Containers
The Java EE infrastructure is
partitioned into logical domains called containers (see Figure). Each container has a specific role,
supports a set of APIs, and offers services to components (security, database
access, transaction handling, naming directory, resource injection). Containers
hide technical complexity and enhance portability. Depending on the kind of
application you want to build, you will have to understand the capabilities and
constraints of each container in order to use one or more. For example, if you
need to develop a web application, you will develop a JSF tier with an EJB Lite
tier and deploy them into a web container. But if you want a web application to
invoke a business tier remotely and use messaging and asynchronous calls, you will
need both the web and EJB containers. Java EE has four different containers:
- Applet containers
are provided by most web browsers to execute applet components. When you
develop applets, you can concentrate on the visual aspect of the
application while the container gives you a secure environment. The applet
container uses a sandbox security model where code executed in the
“sandbox” is not allowed to “play outside the sandbox.” This means that
the container prevents any code downloaded to your local computer from
accessing local system resources, such as processes or files.

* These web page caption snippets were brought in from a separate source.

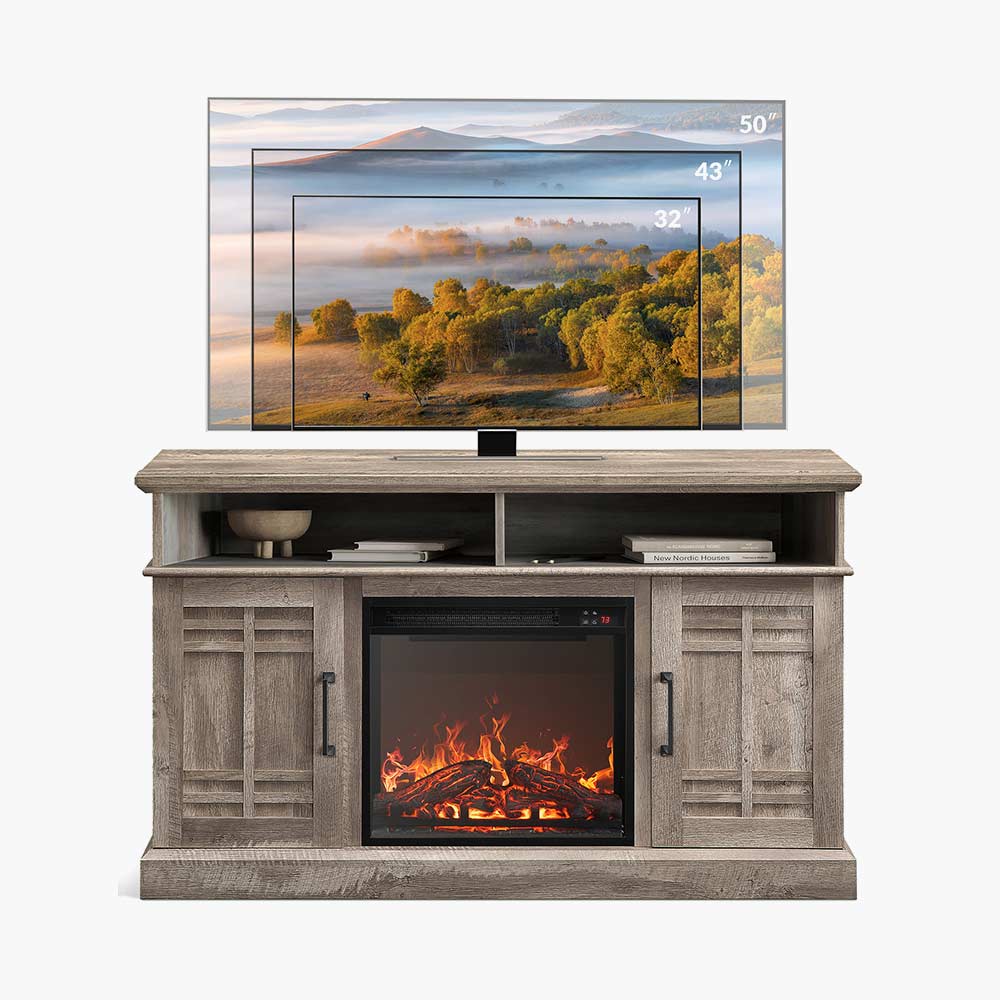 Norrell Farmhouse Fireplace TV Stand for TVs up to 50″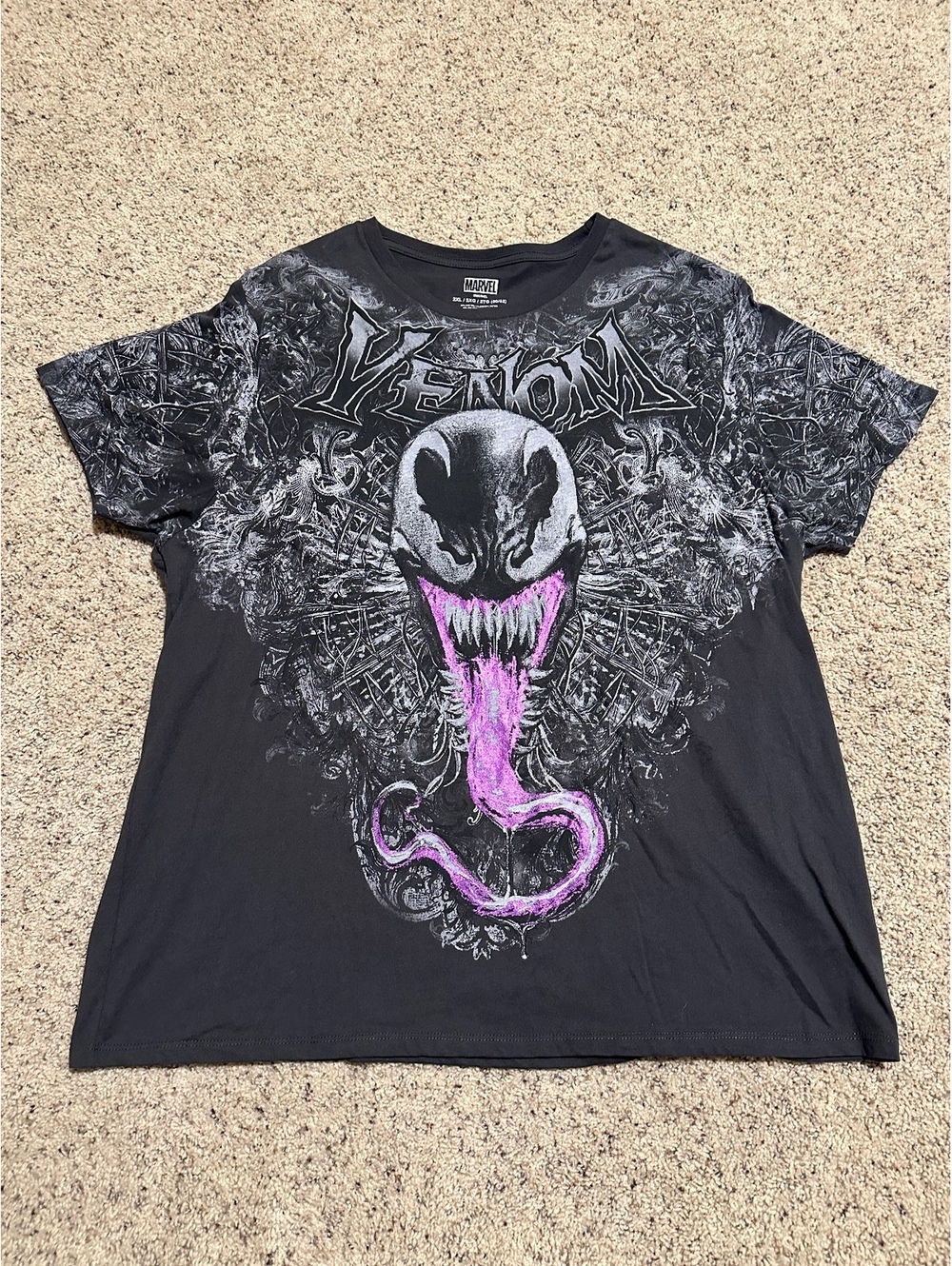 Marvel Venom Graphic T-Shirt 2XL Black Cotton Blend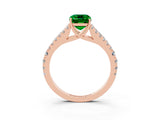 Rose gold Emerald Cut Cut Split Shank Pave Diamond Engagement Ring with Four-Prong Setting_3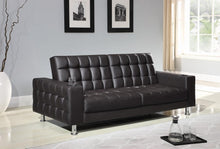 Load image into Gallery viewer, Brown Faux Leather Sofa Bed - Ego Home Furniture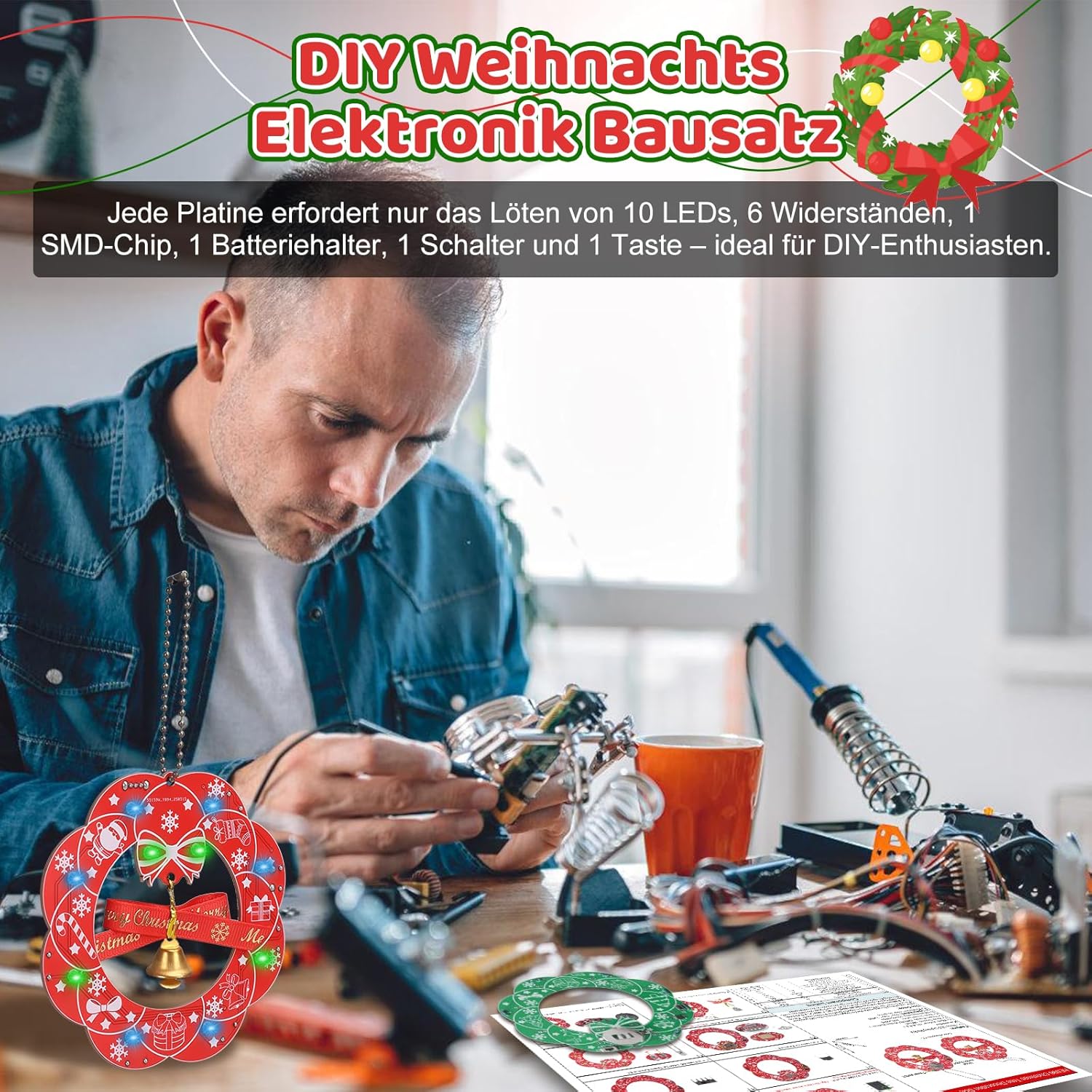 Kit 2 pièces couronne de Noël LED – Kit de décoration électronique avec 3 modes lumineux – Image 7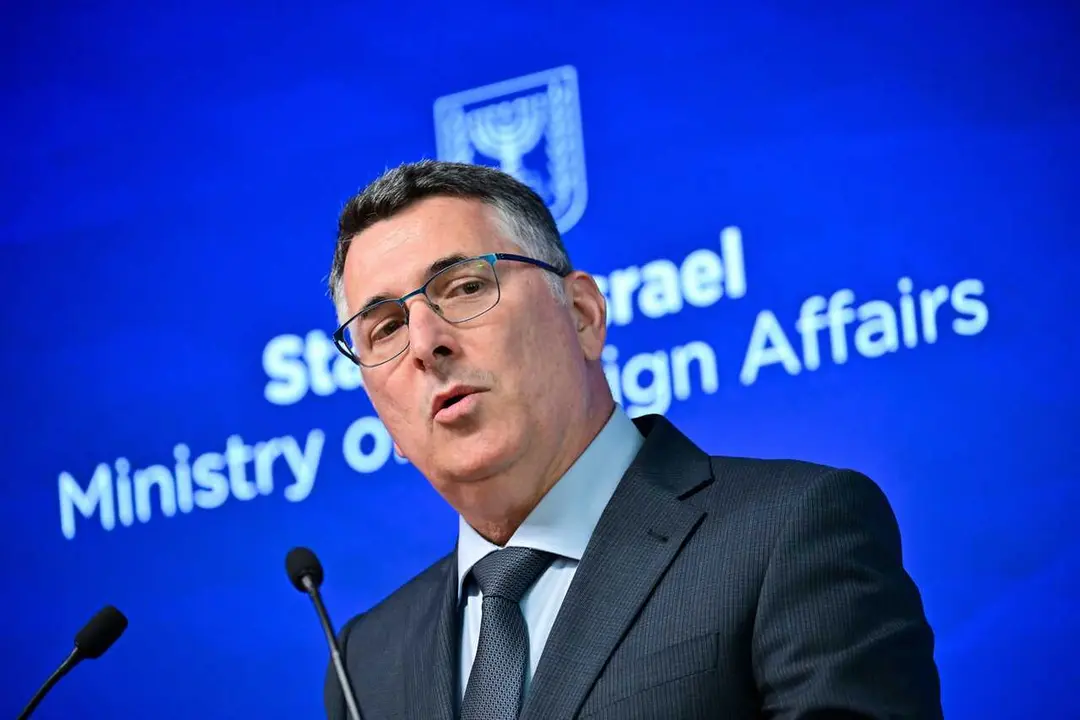 Archivo - El ministro de Exteriores de Israel, Gideon Saar, durante una rueda de prensa en Tel Aviv en marzo de 2026 (archivo)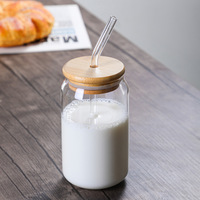 Mug à café en verre borosilicate de haute qualité, style canette de bière, avec couvercle en bambou, pour thé au lait et boissons froides, passe au lave-vaisselle et au micro-ondes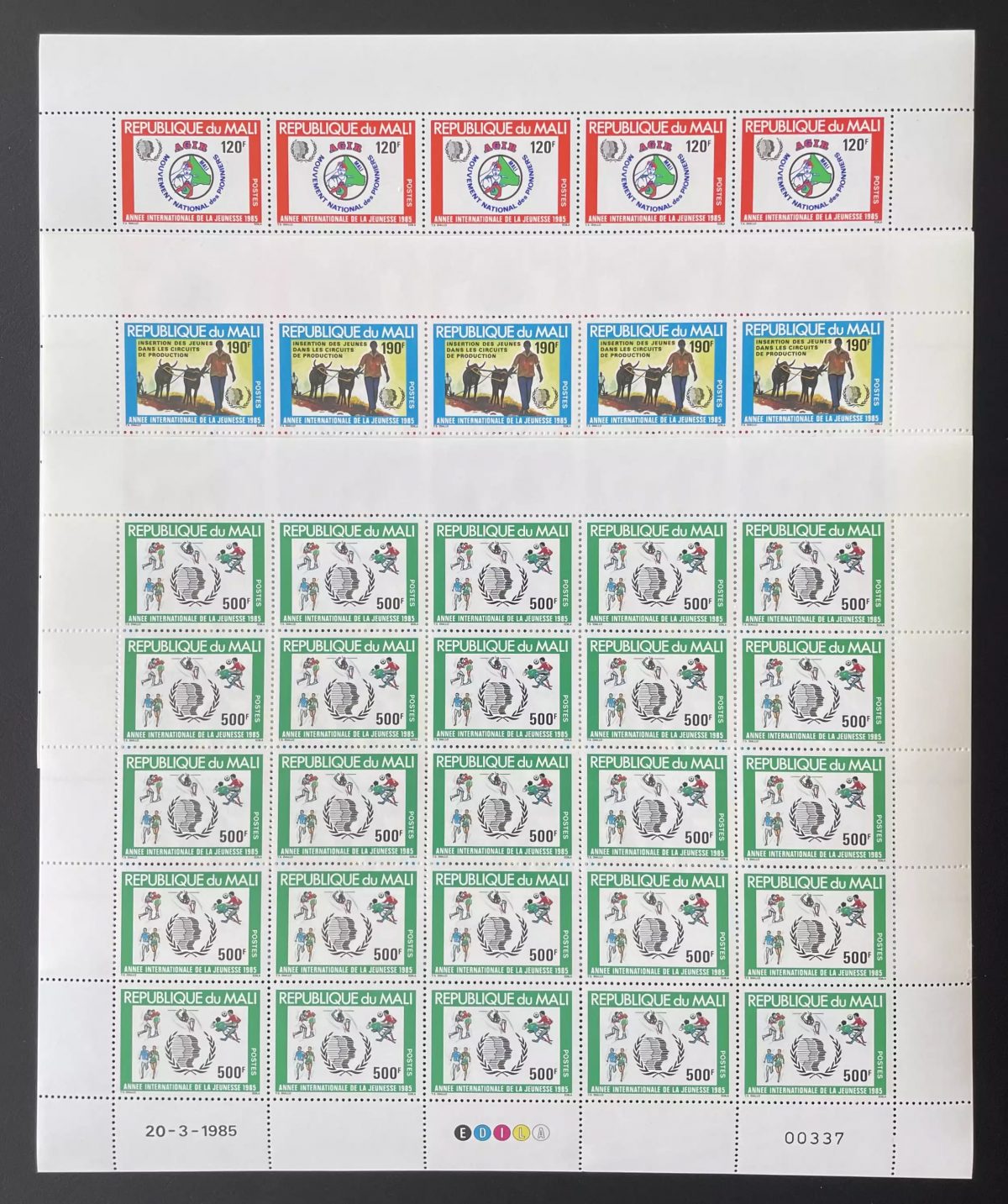 Mali 1985 YT 522-524 Bogen Internationales Jahr der Jugend Fußball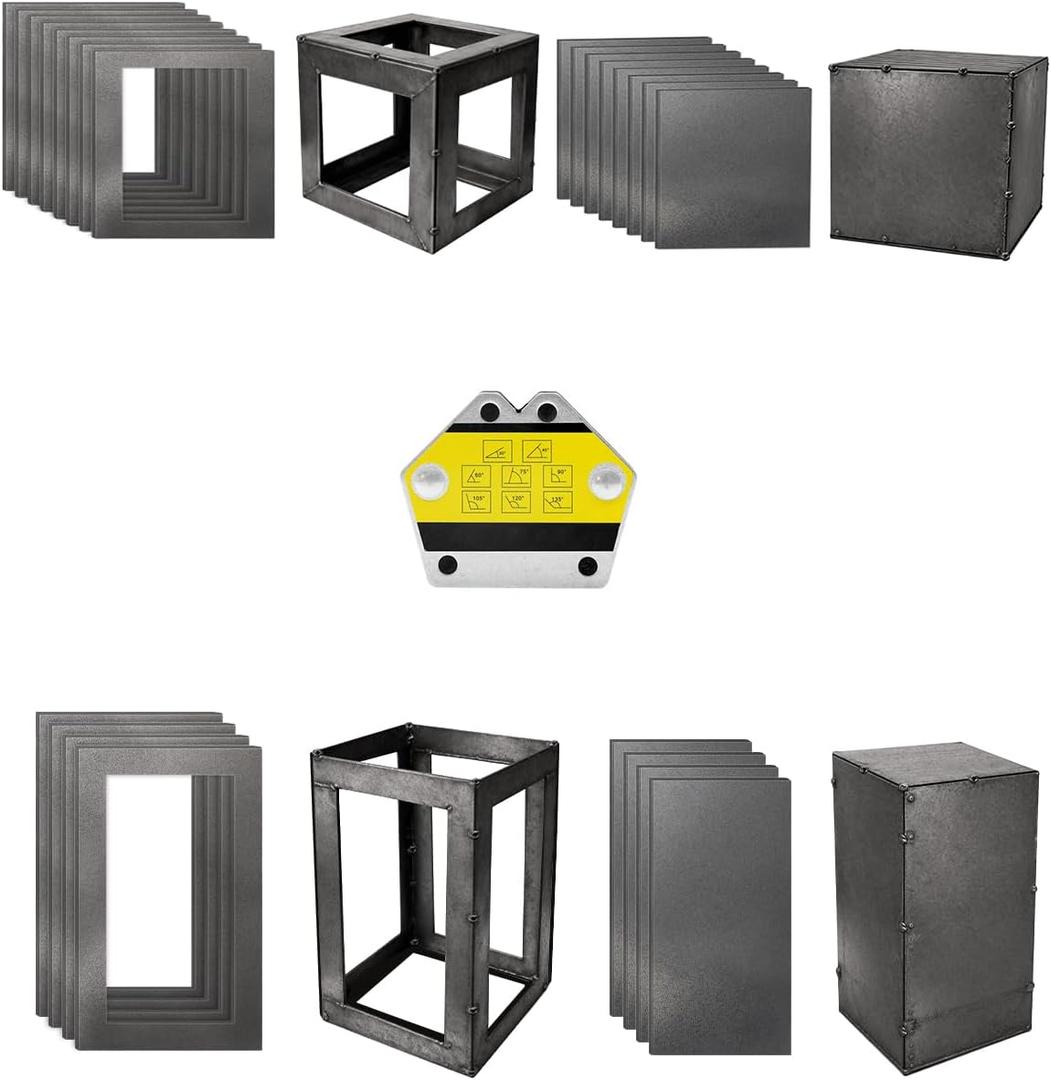 24-Piece Welding Practice Kit with Welding Magnet, 16 Gauge Steel Welding Coupons for MIG TIG Stick, 28.6 lbs Magnetic Holder for Metal Projects and Training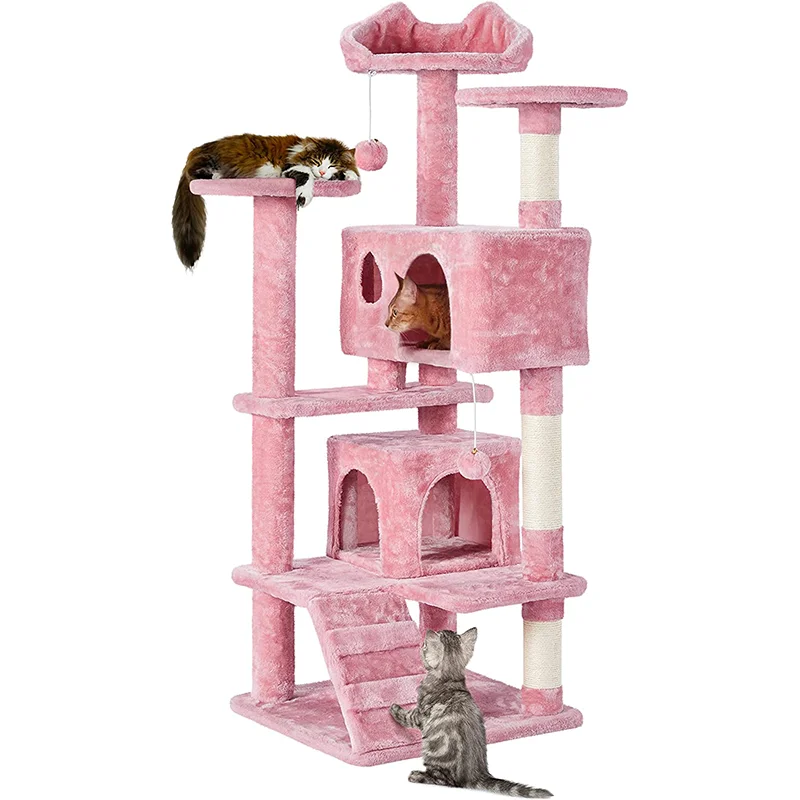 Scratch Climbing Tower Sisal Tree Tower Condo Play Pet Scratch Post Kitten Furniture Large Wooden Cat House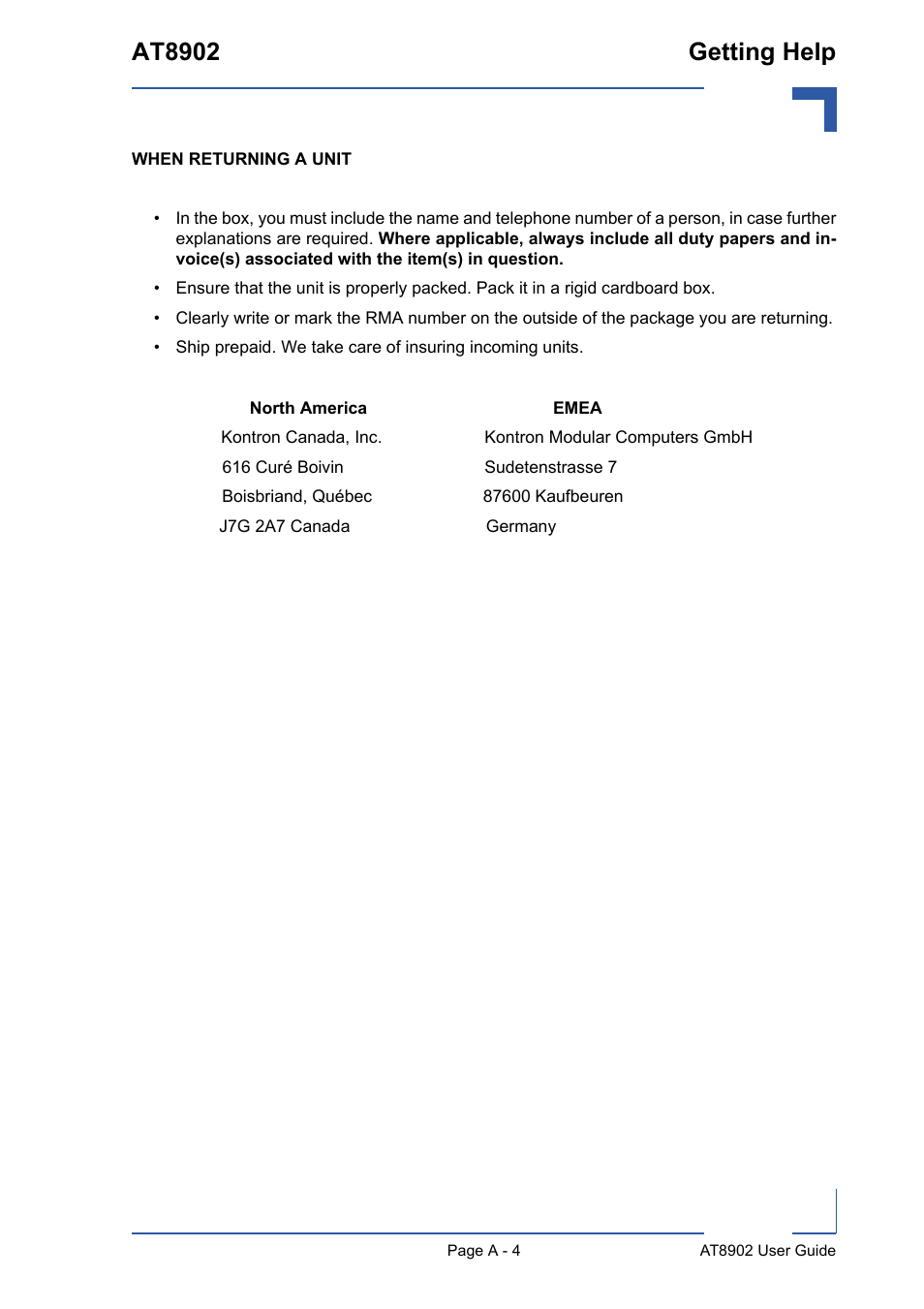 At8902 getting help | Kontron AT8902 User Manual | Page 93 / 94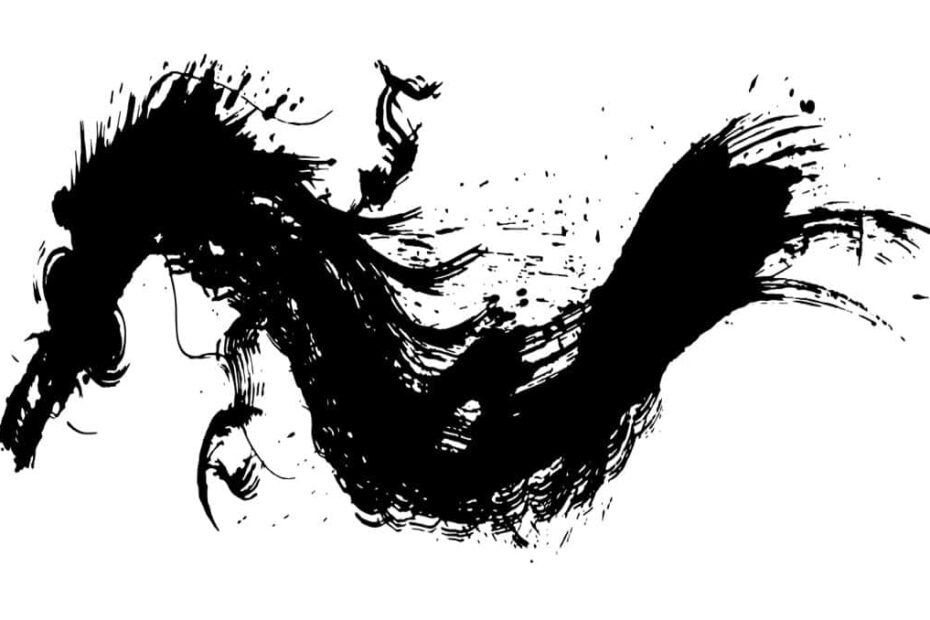 Dragon ink brush painting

- The application client container (ACC) includes
a set of Java classes, libraries, and other files required to bring
injection, security management, and naming service to Java SE applications
(swing, batch processing, or just a class with a main() method). The ACC
communicates with the EJB container using RMI-IIOP and the web container
with HTTP (e.g., for web services).
- The web container provides the underlying
services for managing and executing web components (servlets, EJBs Lite,
JSPs, filters, listeners, JSF pages, and web services). It is responsible
for instantiating, initializing, and invoking servlets and supporting the
HTTP and HTTPS protocols. It is the container used to feed web pages to
client browsers.
- The EJB container is responsible for managing
the execution of the enterprise beans (session beans and message-driven
beans) containing the business logic tier of your Java EE application. It
creates new instances of EJBs, manages their life cycle, and provides
services such as transaction, security, concurrency, distribution, naming
service, or the possibility to be invoked asynchronously.